Monday 5 September 2011

Abortions, money and missions

Tomorrow the Health and Social Care Bill comes to Parliament, and an amendment to the Bill proposed by Nadine Dorries and supported by Frank Field has brought the issue of abortion rights to the top of the news.

Simon Blake, Chief Executive of Brook has written a great blog outlining some of the key issues.

There is, however, an important element to this debate that affects the broader third sector. The more one looks at these arguments, it becomes clear that Dorries, Field, and their supporters, assume the premise that not for profit providers of counseling and abortions are driven by money rather than their missions.

Take Marie Stopes. It’s a charity (number 265543). It’s vision is "A world in which every birth is wanted". Their website outlines the range of activities which they undertake around the world.

Dorries et al argue that because Marie Stopes receives money from the NHS to provide abortions, it is not fit to deliver impartial counselling as its business model relies on that income. (The same logic is applied to other providers.) The argument goes that other organisations must therefore provide that counselling.

There are many reasons why this argument should be resisted, including the fact, as Simon Blake points out, that both the counselling and the provision of abortions is heavily regulated. There is also the fact that Marie Stopes is also reimbursed for delivering counselling regardless of whether or not the client goes on to have an abortion or not.

However, a key reason to resist this argument is that charities are driven by their missions not by their income streams. To allow this amendment to pass would set a very dangerous precedent that the government believes the opposite. Charities work to build a business model which allow them to deliver their mission, not the other way around. That is the duty of charity trustees and a principle on which the whole third sector is based.

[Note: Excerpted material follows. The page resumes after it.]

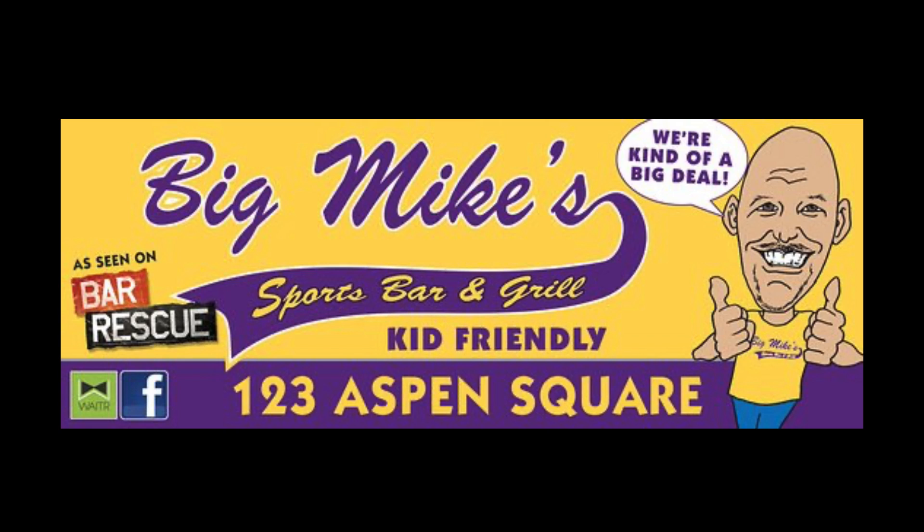From humble beginnings in 1989, Big Mike's has long been a place for friends and family to gather for lunch, dinner, and drinks. Big Mike, Jocelyn, and their friendly staff invite you to come in and relax in one of their spacious dining areas or watch a game on one of the big screen TVs. Big Mike's offers daily and nightly specials and specializes in serving up delicious fresh menu items, catering for large groups, and private party rooms for up to 100 guests. Big Mike's Sports Bar and Grill — we're kind of a big deal.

If Marie Stopes were a for-profit organisation then this argument might hold water (although personally I probably wouldn’t buy it as there would still be many imperatives including reputation management that would complicate the picture). But it’s not. It’s a charity and charities put mission before money.

Regardless of one’s views on the rights and wrongs of abortions, the sector must not let the argument that charities are driven solely by financial imperatives stick. The implications would be very serious indeed.